To me the perfect white is just white. Not yellowish, not bluish, not grayish, just white. Its not too bright or too dingy, its JUST WHITE. At my local store its called Mandi White (if you’re in St. George you can go into any of the stores and they’ll mix it up for you!) The formula is extra white base with 3 oz of white pigment added. After 4 years of calling it Mandi White I asked Sherwin Sensei Sam (the manager that answers all of my weird questions) if this was a real Sherwin color and they we’re just humoring me and calling it Mandi White (you know, like when someone calls you by the wrong name for so long that you can’t correct them and will eternally be Mindy when you’re around them?) This is what he said. There is in fact NOT a color with the same formula (YAY!! Who wants to start a petition to have Mandi White added to their official list of colors!?!) But the closest “real color” is Pure White SW 7005. With Pure White they add a little bit of black to the extra white base to grey it out a teeny bit. With Mandi White the white pigment does sort of the same thing, its just a touch brighter.
So back to the Merc, like I said before, Mandi White was a complete no brainer for all of the walls and baseboard. Same with using Tricorn Black for the accents. I’ve used it so many times that there are no surprises here. BUT I did venture out to a new color that I’d never used before and i’m pretty thrilled about it -dun dun dun dun dun duuuuuuun- Jasper.
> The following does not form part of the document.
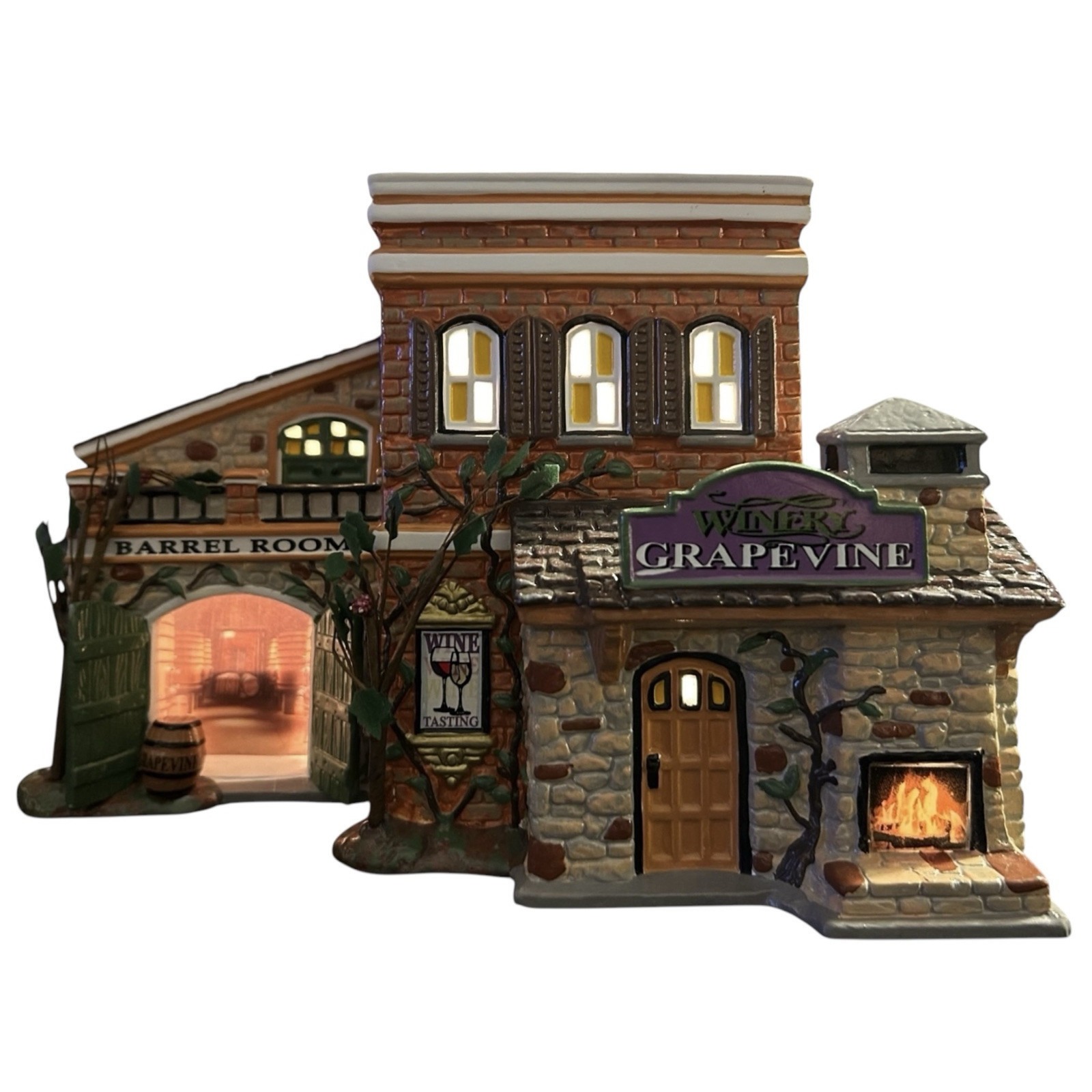 Dept 56 Grapevine Winery Original Snow Village #6000635 Intro 2017,  Retired '23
Here’s a side by side with Jasper and Tricorn Black
Before we go deeper into that let me tell you why I was so drawn to it. When we were touring the Merc for the first time I noticed these green boards stacked in a back room as well as spots of green hanging out other places (like the pass through window in the kitchen). When I asked about it, the previous owner told me the cutest historical story about Southern Utah. When the pioneers had finished building the temple they ordered paint to cover the red sandstone that it was built out of. White for the walls and green for the roof. When the paint arrived there was wayyyyy more green and not enough white, so the church passed it out to whomever wanted it to paint their gates/houses and ordered more white. I’m not sure if the green paint at the Merc is temple paint but isn’t that the most endearing story?! From that moment forward I knew if I was going to use color, it needed to be green, so it was constantly in the back of my mind.
Enter Jasper. When I saw this almost black inky green I knew it was meant for the Merc. We’re using it on our front doors and kitchen cabinets, and if we’re being totally honest I wanted to use it on all of the interior doors as well but decided against it because I didn’t want to overuse it. It feels like the cabs and front doors will be the perfect amount of green. And so far that’s it! Mandi White, Tricorn Black, and Jasper. I’m sure I’ll end up with other colors once we’re moved in and the decorating begins but for now I’m really digging the historic vibe this palette is throwing off.
Tomorrow we’re talking practical application. See you then!!